The summit’s strong focus on AI in healthcare – spanning remote diagnostics, medical imaging, disease prediction and personalized treatments – aligns deeply with this philosophy.

India’s healthcare AI should be judged not on leader board metrics, but on metrics of access: shorter time to diagnosis, lower cost per test, and measurable improvements in outcomes in underserved populations.

Academy of AI as Trust Engine

The most consequential, yet least discussed topic of the summit is cycles Science. AI is rapidly changing the way discovery is conducted, but access to computation, data, and reproducibility remains deeply unequal. Indian academia must step up as a neutral, trusted arbiter, curate open datasets, validate algorithms across demographics and train the new generation in both AI and ethics.

Institutes like IIT Kharagpur are already evolving into living laboratories where AI research, startups, public platforms and policy co-design co-exist. This convergence is necessary. Trustworthy AI ecosystems cannot be assembled serially; They should be co-created, From whiteboard to ward, from code to community.

Summit for Systemic Change

What stands out about the India AI Impact Summit is its insistence on outcomes. Regional AI conferences, global impact challenges such as ‘AI for all’ And ‘AI by him’; Youth initiatives like ‘youth’And the ‘AI Compendium’ collectively ensures that ideas are not lost after the plenary sessions – that they get mixed into pipelines.

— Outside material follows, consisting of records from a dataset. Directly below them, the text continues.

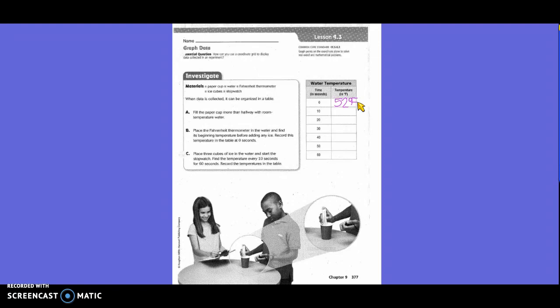After 10 seconds it is 51 degrees. After 10 more seconds it is 51. After 10 more it's 52, and 10 more it's 50.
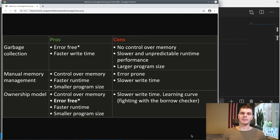Ownership is what allows Rust to make memory safety guarantees without the use of a garbage collector. We'll also cover references, borrowing, the slice type, and how Rust lays out data in memory. So with that, let's get started. First, we'll answer the basic question: what is ownership, or the ownership model in Rust?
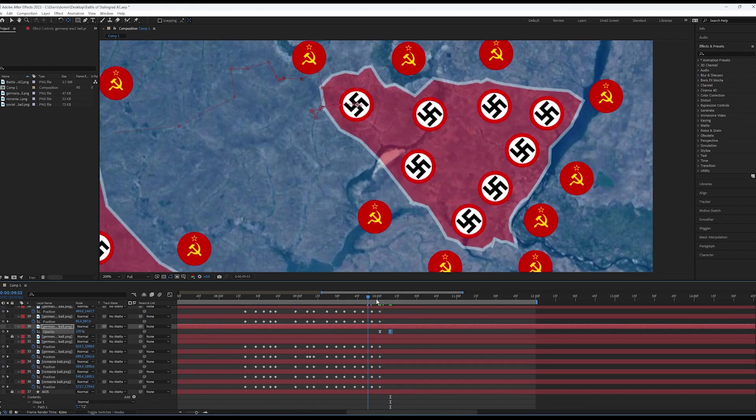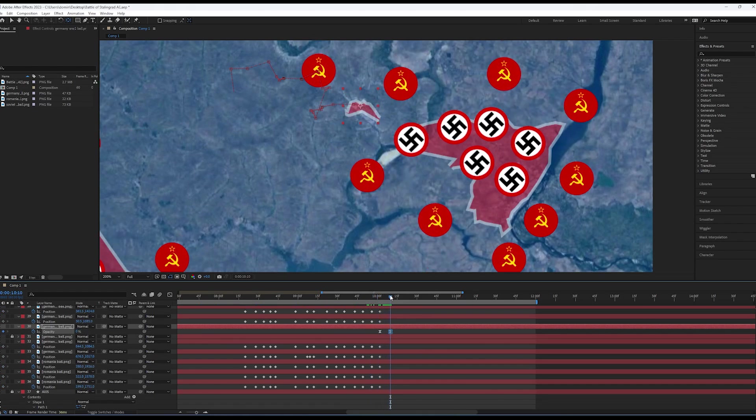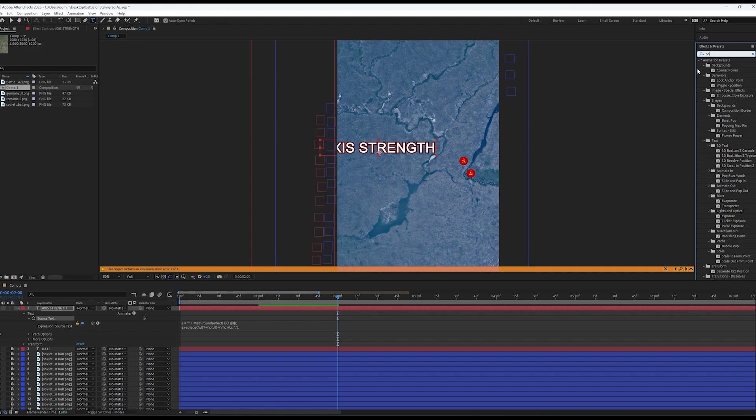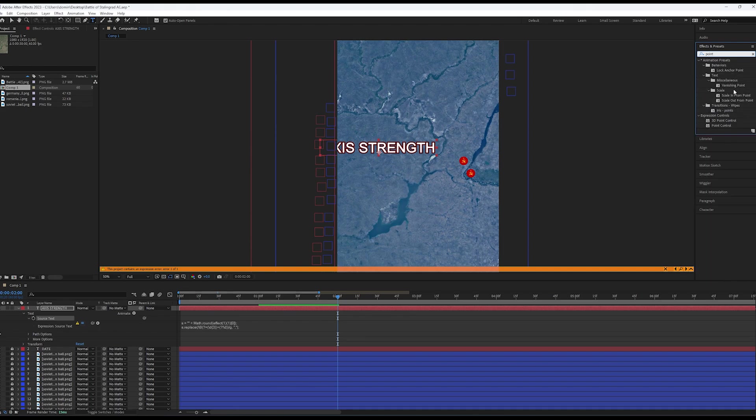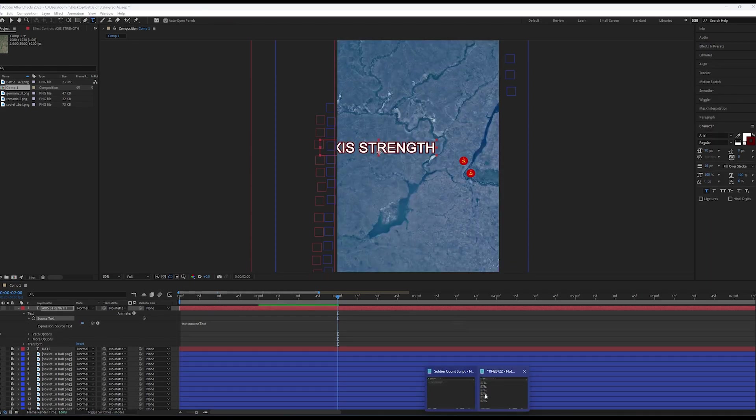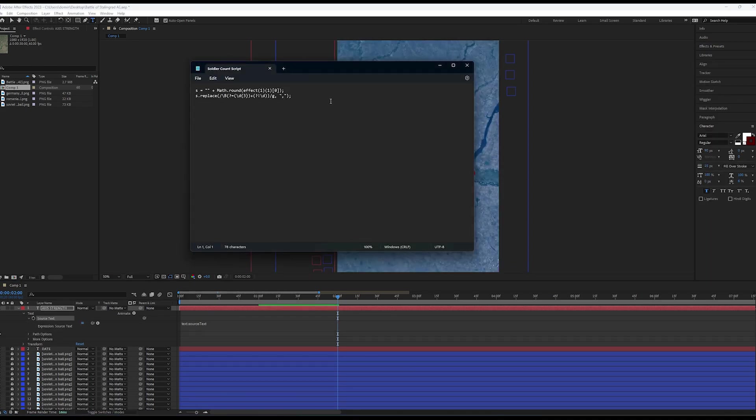Lastly, we need to animate the army sizes for each side. To do this, create some placeholder text like before and add the point control effect to it. Next, go to the Source Text dropdown and paste in this code, which is also in the description.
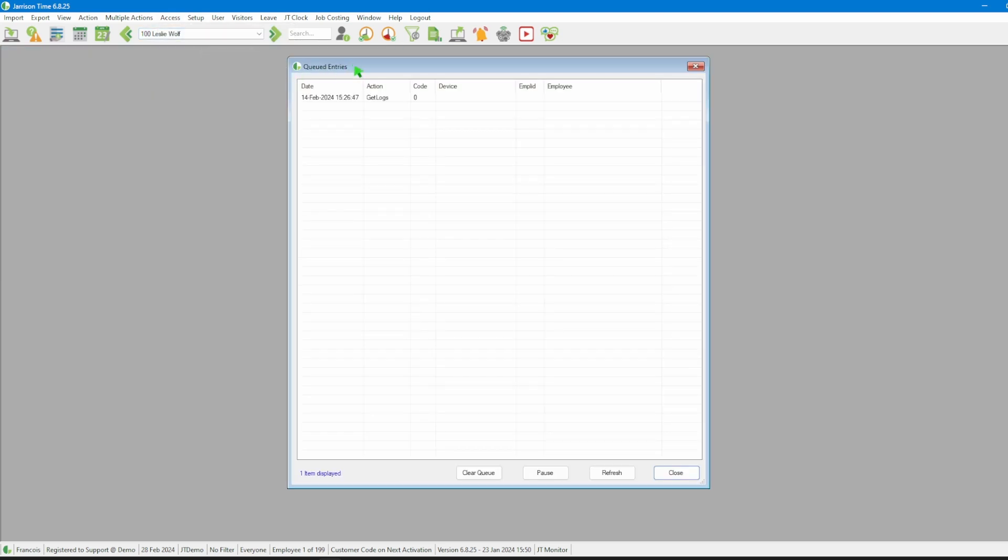Here we can check for the entry or entries depending on the number of devices by looking for any entry named get logs under the action column.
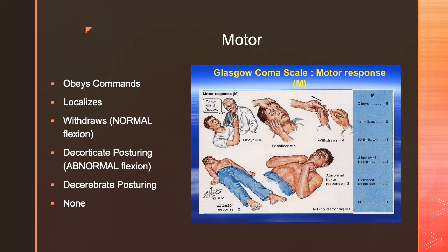Motor gets a lot of people confused, and you won't fully understand it right away — you have to see it and do this assessment many times to get a handle on what it looks like. The best motor response is obeying commands: if I ask you to give a thumbs up, stick out your tongue, or wiggle your toes, you can do that. The next level down is localizing — you feel me touching you, and if I pinch your arm, you reach up to try to knock my hand away or grab toward wherever my hand is. You feel where I'm touching you, and it's a purposeful response — you're trying to get it away.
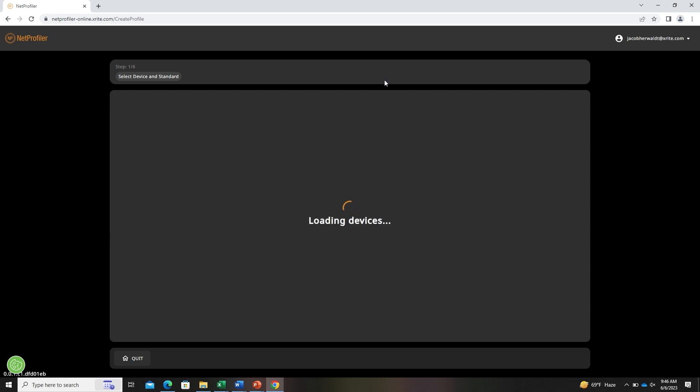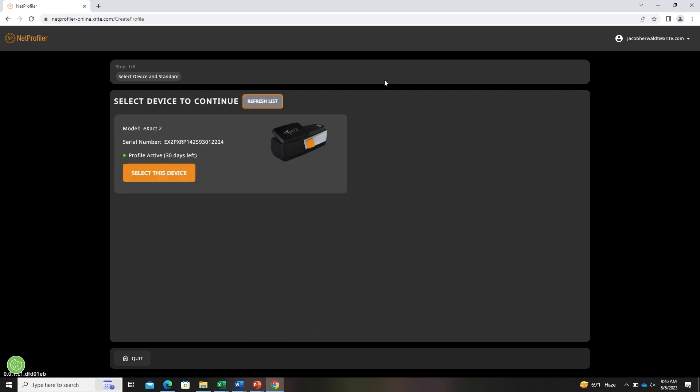Once launched, this will then connect any devices that are connected to the computer. From there, you can select any device that you would like to profile.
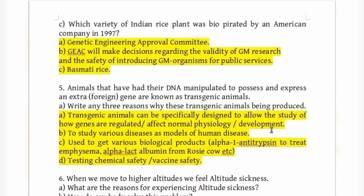Other biological products obtained from transgenic animals include alpha-lactalbumin from Rosie the cow. Transgenic animals are also used for testing chemical safety and vaccine safety.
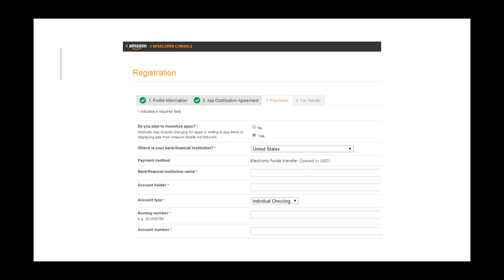You only need to enter payment information if you plan to monetize your apps, which you specify in the Payments tab. Different payment methods are available according to the country where you're located.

The deeper message is clear: India does not seek to dominate AI by owning the biggest models, but by building the largest Meaningful The ones. Models that are energy-aware, bias-audited, regulation-ready, and socially embedded.

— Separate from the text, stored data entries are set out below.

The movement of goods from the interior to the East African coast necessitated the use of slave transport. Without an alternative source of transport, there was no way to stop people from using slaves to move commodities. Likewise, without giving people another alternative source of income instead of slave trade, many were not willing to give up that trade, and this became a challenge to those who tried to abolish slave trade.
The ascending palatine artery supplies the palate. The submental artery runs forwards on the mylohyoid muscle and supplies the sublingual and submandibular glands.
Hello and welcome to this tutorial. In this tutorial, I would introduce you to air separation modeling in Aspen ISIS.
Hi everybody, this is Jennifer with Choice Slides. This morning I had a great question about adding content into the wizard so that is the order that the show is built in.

As we move towards the centenary of independence i.e. 2047, India’s AI leadership will be defined not just by technological sovereignty, but by ethical and developmental credibility.

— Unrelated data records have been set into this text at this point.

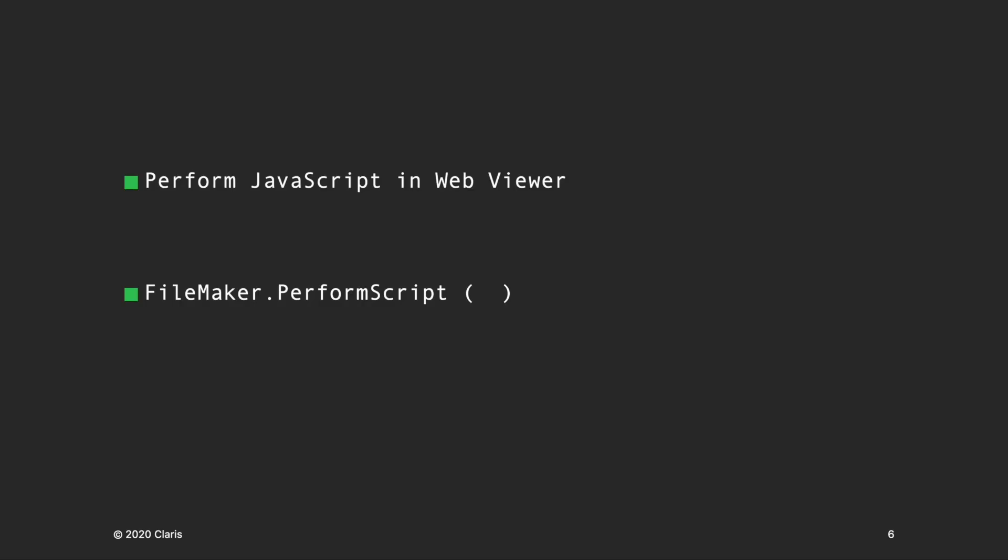In FileMaker 19, JavaScript in WebViewer and FileMaker scripts can communicate directly and pass information between them through a new script step and function. The perform JavaScript in WebViewer script step performs a JavaScript function that has been loaded in a WebViewer. The FileMaker perform script function can be called by JavaScript code in a WebViewer to run a FileMaker script in the current file.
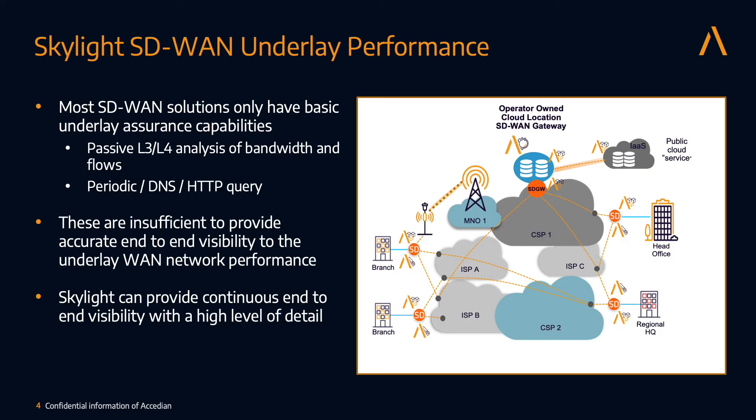On top of that, Skylight can be used to measure the WAN side as well, giving you continuous, accurate network performance data measured across the entire network.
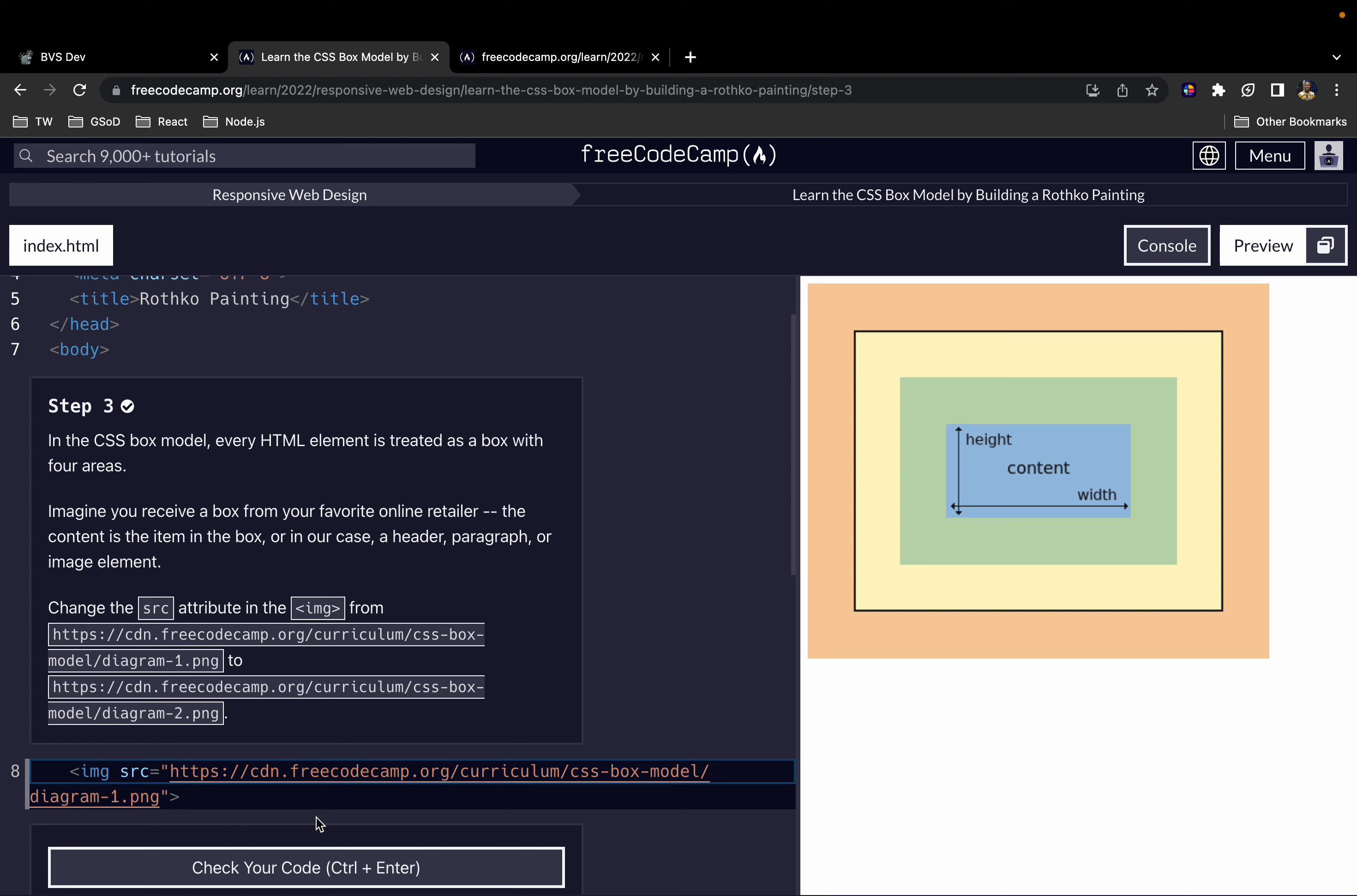In the CSS Box Model, every HTML element is treated as a box with four areas. It doesn't matter whether it's a text element, an image, or anything else that is an HTML element - we treat it as sort of a box. So assuming there's our content here, this blue thing can be an image or text. It will have a height and a width. Then what you see here, this green thing, is what we call the padding.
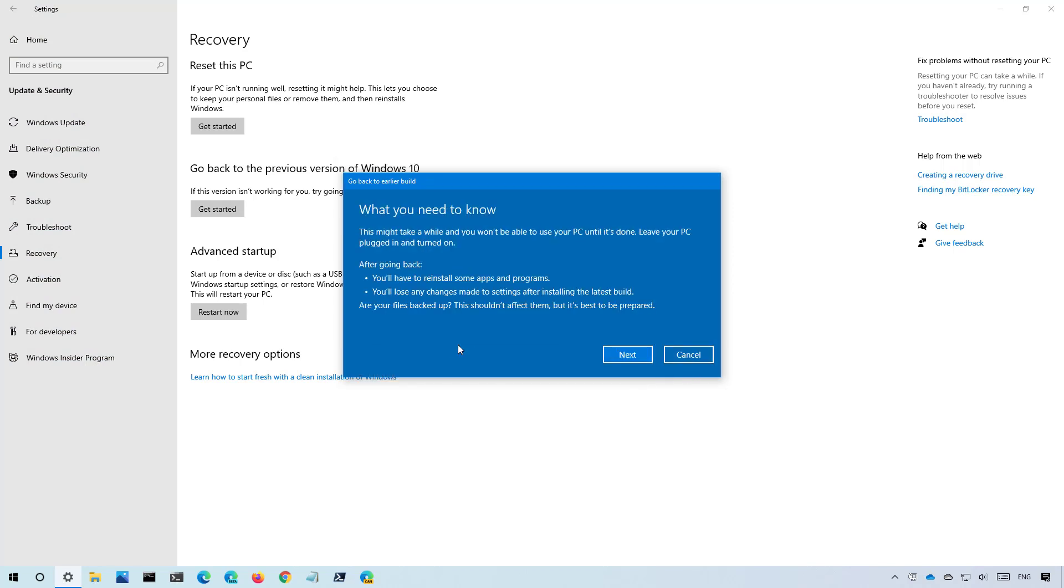Also make sure to read that rolling back to a previous version you will need to reinstall some apps and you may lose some changes applied after you upgraded to this newest version and then click next.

If we succeed, AI will no longer be seen as an abstract force to be regulated after the fact, but as a public-good infrastructure, engineered with intention, deployed with empathy, and governed with wisdom.

Thus India AI Impact Summit 2026 is not an event. It is a statement: that the future of AI will not only be written in lines of code, but will also be written in better lives.

(The views expressed are personal. The author, Suman Chakraborty, is Director, Indian Institute of Technology (IIT), Kharagpur. Professor Chakraborty is a globally renowned academician and a distinguished faculty member of the Department of Mechanical Engineering at IIT Kharagpur. Recipient of several prestigious national and international honours, his work at the intersection of fluid mechanics, biomedical engineering and technology-driven social applications has earned him special recognition.)